• **DIRECTIONS**
All pictures must be dropped, while the entries are given again word for word.

• **RECORDS FOR PROCESSING**
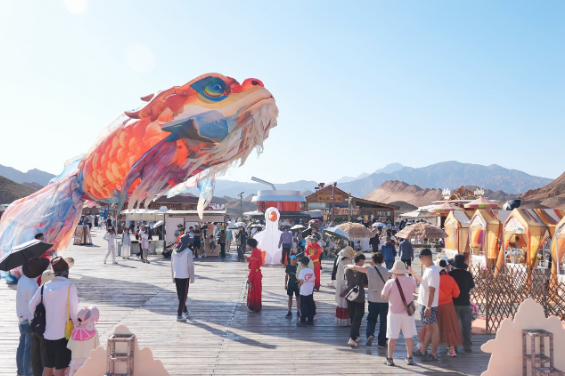 张掖七彩丹霞景区仲夏文旅融合展演活动启幕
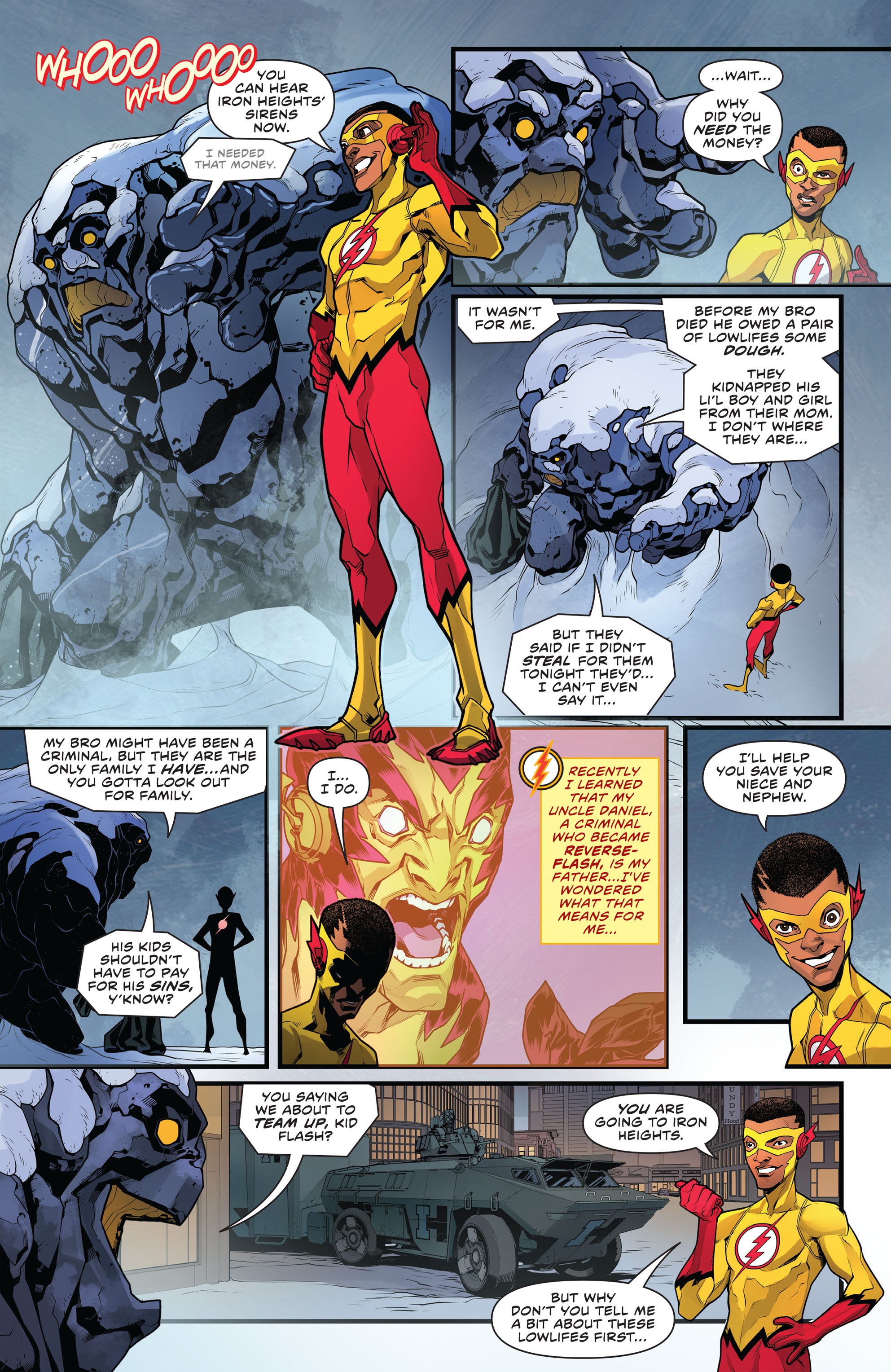 Read online Flash: The Rebirth Deluxe Edition comic -  Issue # TPB 1 (Part 3) - 88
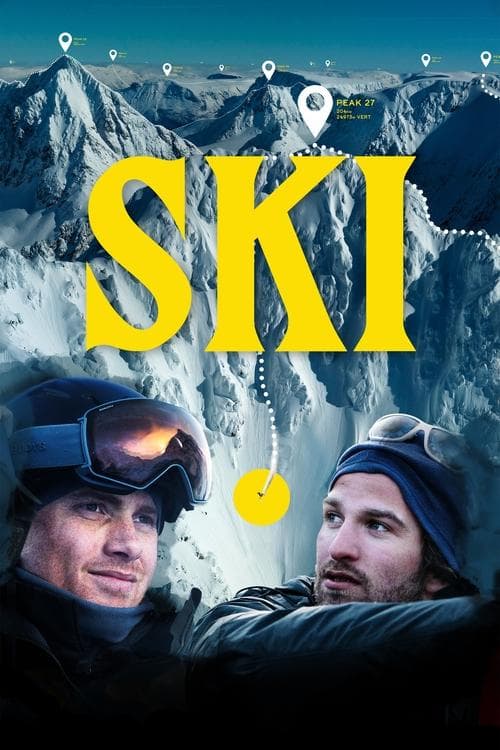 SKI - The Greatest Ski Tour of All Timeのポスター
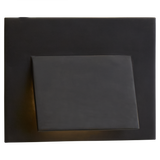 Esker Envelope Outdoor Wall Sconce, LED, Bronze, 7"H (KW 2706BZ 2V6Q8)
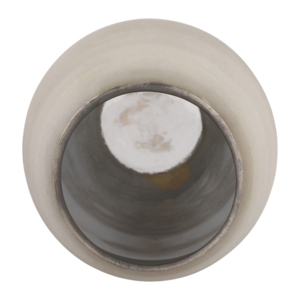 Vaso Decorativo in Vetro Texturizzato, Portafiori Moderno per Soggiorno, Ufficio e Esposizione su Scaffale - Product Image 6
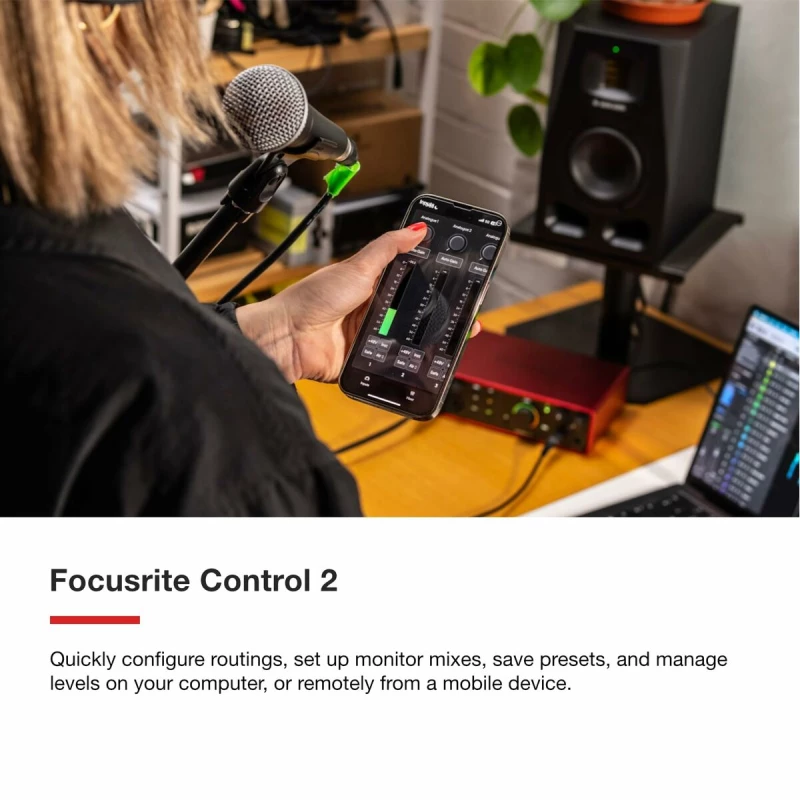 Ήχος Εισόδου Focusrite MOSC0035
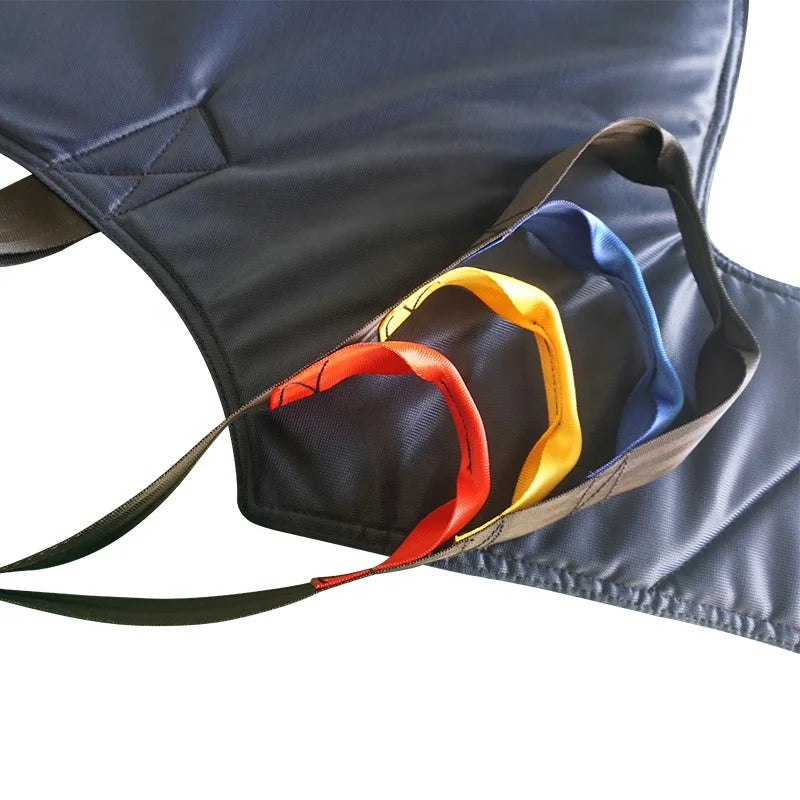 Commode Lift Sling with Patient Lifting Straps for Seniors view 3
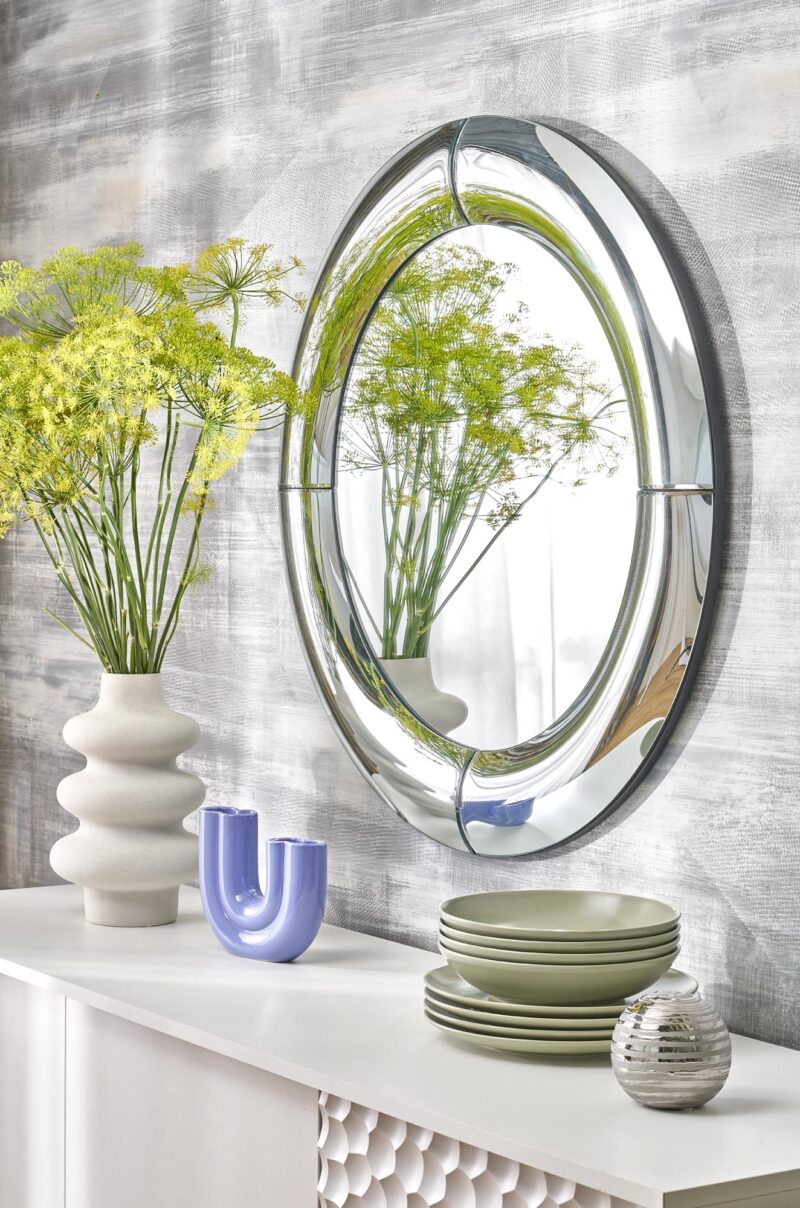 Seinäpeili MOIRA, hopea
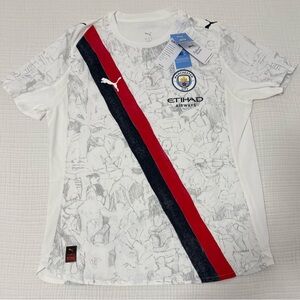 PUMA KidSuper Manchester City FC 2025 Men's Authentic Home Club Jersey size xxl
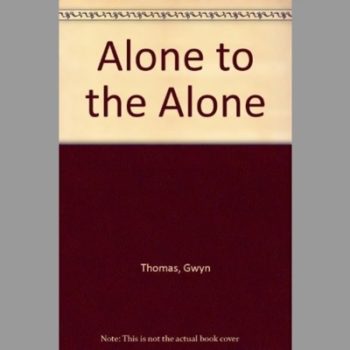Alone to the Alone with the Dark Philosophers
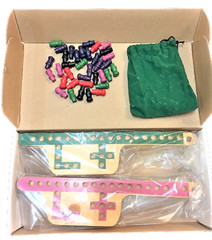 Pegs and Jokers 6 Players Thick Pine Wood Pegs Boards FREE 4 Special Decks Play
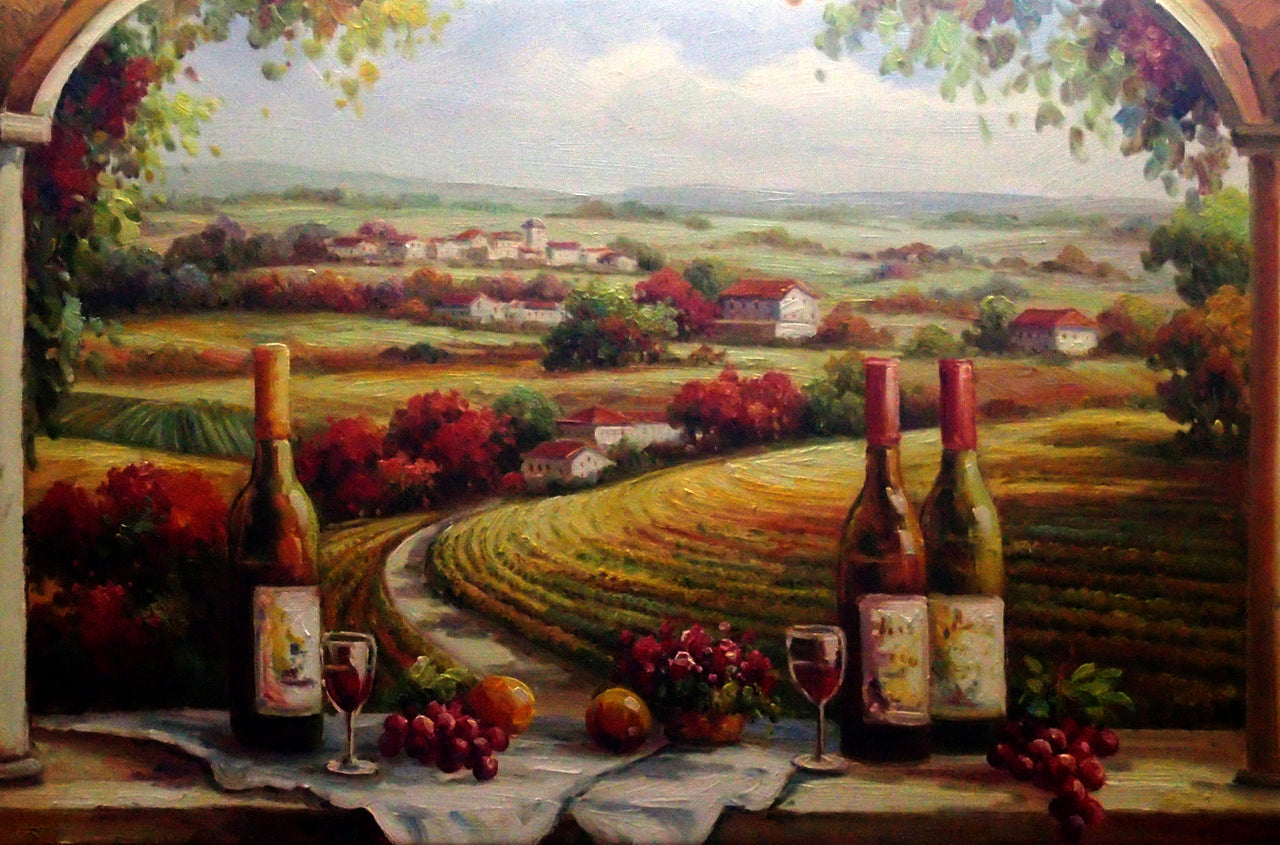 FW3619889 - 24"x36" Original Oil Painting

• **SOLUTION TO THIS PROBLEM**
 张掖七彩丹霞景区仲夏文旅融合展演活动启幕
 Read online Flash: The Rebirth Deluxe Edition comic -  Issue # TPB 1 (Part 3) - 88
 SKI - The Greatest Ski Tour of All Timeのポスター
 Esker Envelope Outdoor Wall Sconce, LED, Bronze, 7"H (KW 2706BZ 2V6Q8)
 Vaso Decorativo in Vetro Texturizzato, Portafiori Moderno per Soggiorno, Ufficio e Esposizione su Scaffale - Product Image 6
 Ήχος Εισόδου Focusrite MOSC0035
 Commode Lift Sling with Patient Lifting Straps for Seniors view 3
 Seinäpeili MOIRA, hopea
 PUMA KidSuper Manchester City FC 2025 Men's Authentic Home Club Jersey size xxl
Alone to the Alone with the Dark Philosophers
 Pegs and Jokers 6 Players Thick Pine Wood Pegs Boards FREE 4 Special Decks Play
 FW3619889 - 24"x36" Original Oil Painting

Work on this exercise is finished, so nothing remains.